A Set of Rogues eBook

This eBook from the Gutenberg Project consists of approximately 361 pages of information about A Set of Rogues.

A Set of Rogues eBook

This eBook from the Gutenberg Project consists of approximately 361 pages of information about A Set of Rogues.

Their shouts of joy and diabolical laughter died away, and there was no sound but the lapping of the waves against the felucca’s side.  They had done their work thoroughly; not a moan arose from the heaps of butchered men, not a limb moved, but all were rigid, some lying in grotesque postures as the death agony had drawn them.  And after the tumult that had prevailed this stillness of death was terrific.  From looking over this ghastly picture I turned and clutched at Dawson’s hand for some comforting sense of life and humanity.

We were startled at this moment by a light laugh from the cabin, whither Mr. Godwin had carried Moll, fainting with the horror of this bloody business, and going in there we found her now lying in a little crib, light-headed,—­clean out of her wits indeed, for she fancied herself on the dusty road to Valencia, taking her first lesson in the fandango from Don Sanchez.  Mr. Godwin knelt by the cot side, with his arm supporting her head, and soothing her the best he could.  We found a little cask of water and a cup, that he might give her drink, and then, seeing we could be of no further service, Dawson and I went from the cabin, our thoughts awaking now to the peril of our position, without sail in mid-sea.

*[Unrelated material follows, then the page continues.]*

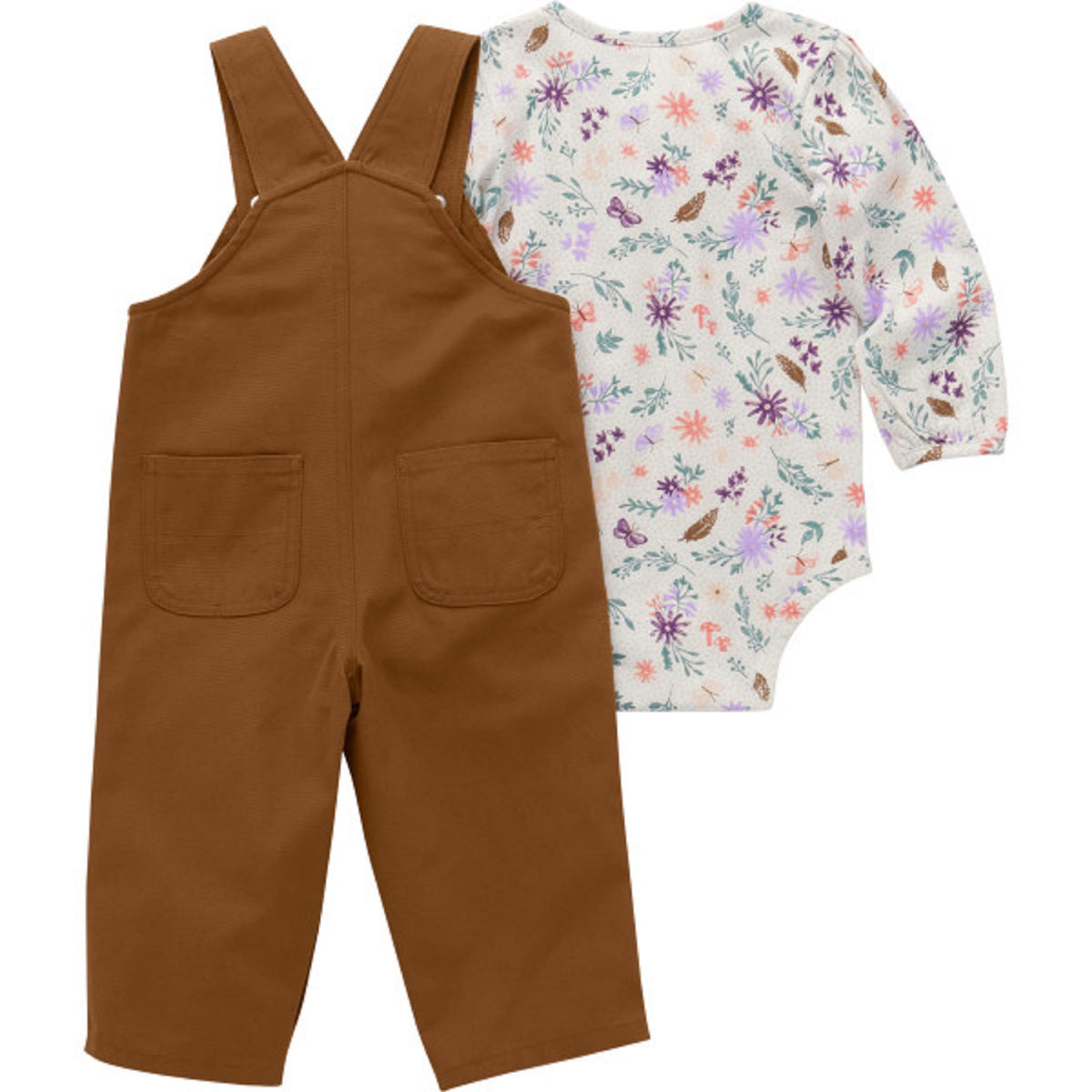 Carhartt Infant Girls&#39; Long Sleeve Bodysuit &amp; Canvas Overall Set - Work World - Workwear, Work Boots, Safety Gear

And first we cast our eyes all round about the sea, but we could descry no sail save the galley (and that at a great distance), nor any sign of land.  Next, casting our eyes upon the deck, we perceived that the thick stream of blood that lay along that side bent over by the broken mast, was greatly spread, and not so black, but redder, which was only to be explained by the mingling of water; and this was our first notice that the felucca was filling and we going down.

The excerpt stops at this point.